Given data.
== == ==

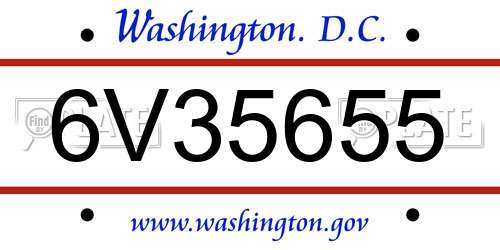 6V35655 District Of Columbia License Plate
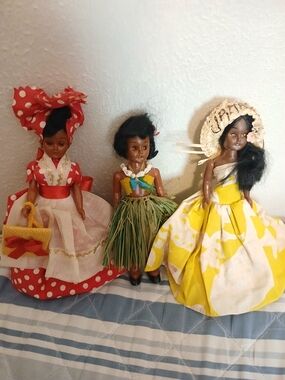 Lot Of 3 Collectible Folk Art Dolls New Orleans Hawaiian Jamaica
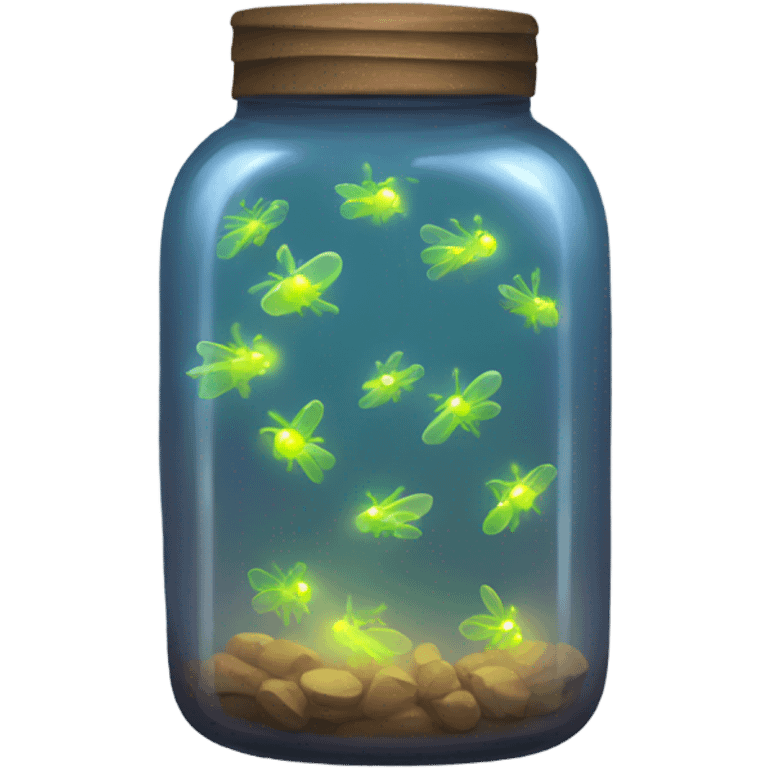 glowing jar filled with glowing flies emoji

== == ==

What to work on. Pictures must be left out. Repeat exactly the lines from the one containing "Lot Of 3 Collectible" through the final line of the data.

Task response.
 Lot Of 3 Collectible Folk Art Dolls New Orleans Hawaiian Jamaica
 glowing jar filled with glowing flies emoji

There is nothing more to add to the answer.